政府は、もともと賃上げには熱心で、政府の圧力で引き上げ可能な最低賃金についてはこのところ随分無理をして上げてきています。
特に日本社会の「格差社会化」阻止のために重要な、中小企業、非正規従業員の問題ですので、改めて取り上げました。
欧米社会は元々「市民と奴隷」という形を取ってきたようですが、日本には縄文時代から奴隷制度が無かったというのが特徴のようです。恐らく身分差別のない「人間集団」というのが一般的な姿だったのでしょう。
海外から輸入文化が入って来て舶来崇拝の中で制度が作られたのでしょうが、今でも基本的に変わっていないのは「企業は人間集団」という見方です。
欧米では企業は職務の集合体で、その職務に適切な人間を採用するのですが、日本では、好ましい人間を採用して企業の中で仕事、社会性、人間性も磨かれていく、つまり企業が人を育てるのが日本的経営の基本なのです。
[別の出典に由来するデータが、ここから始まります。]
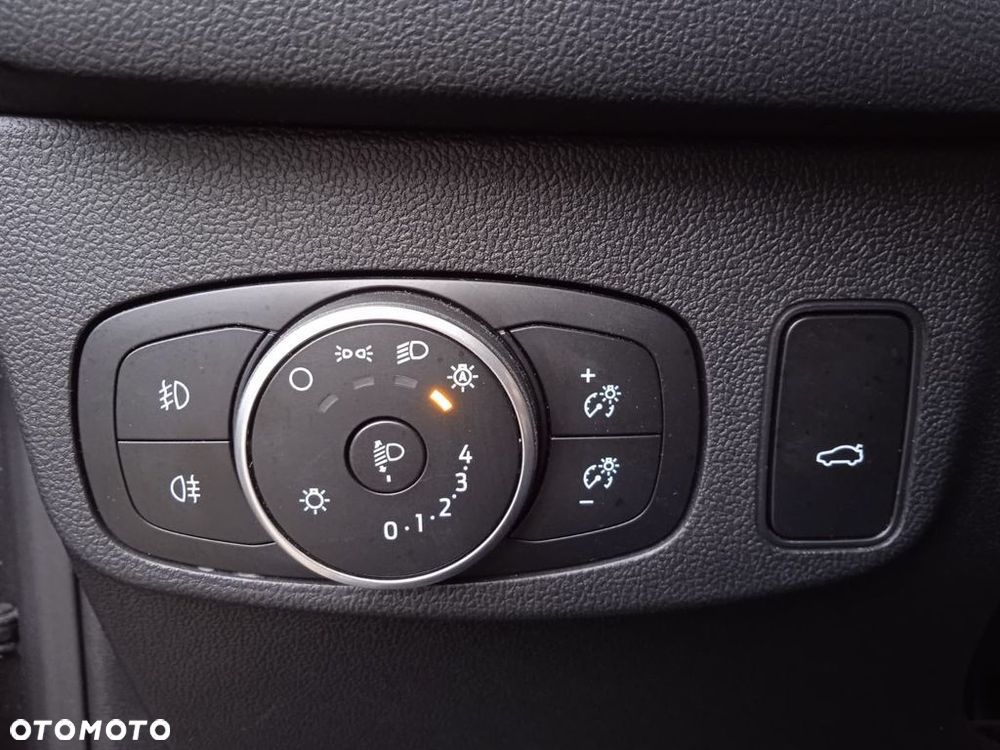 Ford Focus - 26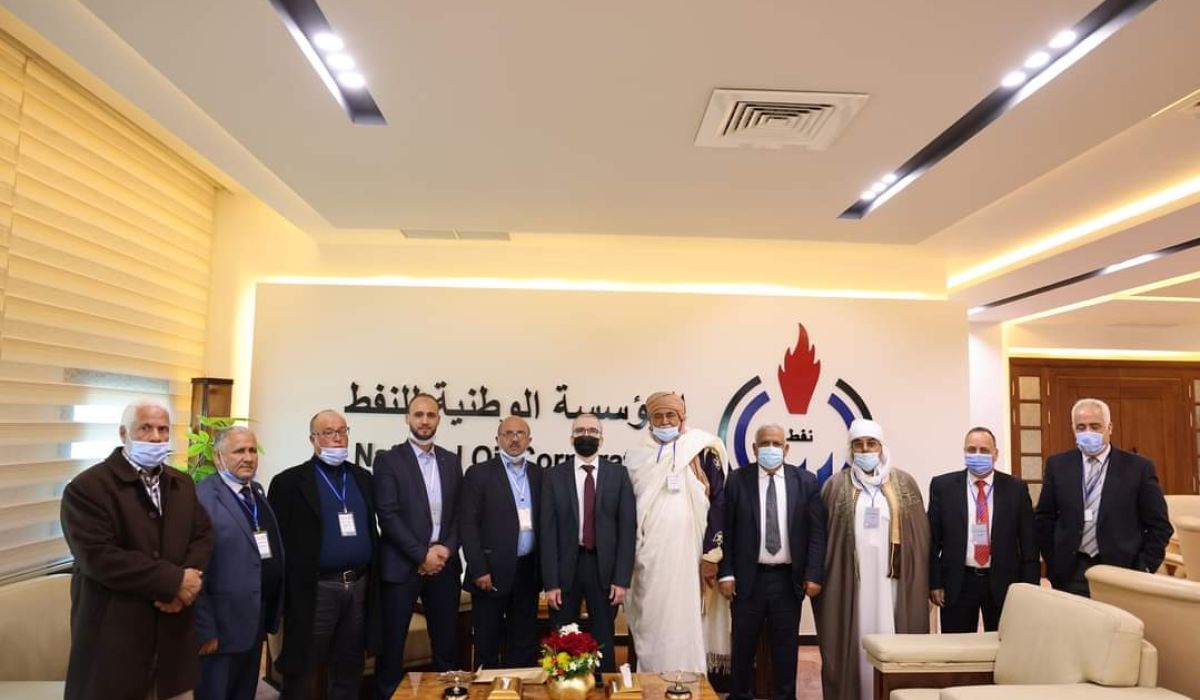 صنع الله يجتمع مع أعيان وحكماء مدينة رأس لانوف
明治時代に会社というシステムが入って来て、会社の中では身分制度がありましたが、思い出すのは、戦後の日本経済再建の中で、当時の日経連(現経団連)会長だった桜田武が「戦後、日本企業では身分制を廃し、総て「社員」とした」と話したり書いたりしていることです。
その日本の企業社会に今は「正規」と「非正規」という明確な身分がうまれ、しかも非正規の比率が4割近くに高まり、減る気配がないという状態です。
これはどう考えても「日本的経営」の基本からの逸脱ですから、その副作用が必ず出てくると考えてきました。
今それが、就職氷河期の卒業生の中の残された問題という形で、中堅社員の不足、生産性向上への障害、社会の劣化など様々な面で現れているのです。
たしかに1995~2006年あたりでしょうか、円高不況の日本経済の中では、失業率の上昇を避けることが最優先、雇用の質までは問えない、という現実があったことは否定出来ないとは思います。
しかし、このコスト削減の手法が、為替レートの正常 化以降も続けられたことは。経営者の意識が変化(劣化)した結果ではないかと感じられます。
このブログでは、円高不況で増えた非正規社員は、円レートの正常化とともに復元(正社員化)が起きる予想していました。
残念ながらその予想は、ごく一部の企業を除いて当たりませんでした。そしてようやく今、非正規の賃金問題として気づかれてきたようです。
しかし、日本的経営の(日本の社会的伝統・文化の)視点から言えば、単に賃上げではなく教育訓練、正規化、生産性向上の積極化です。
遅きに失した感はありますが、日本の経営者が、非正規の正規化問題を企業の社会的責任と考え、本気で取り組んでほしいと思っています。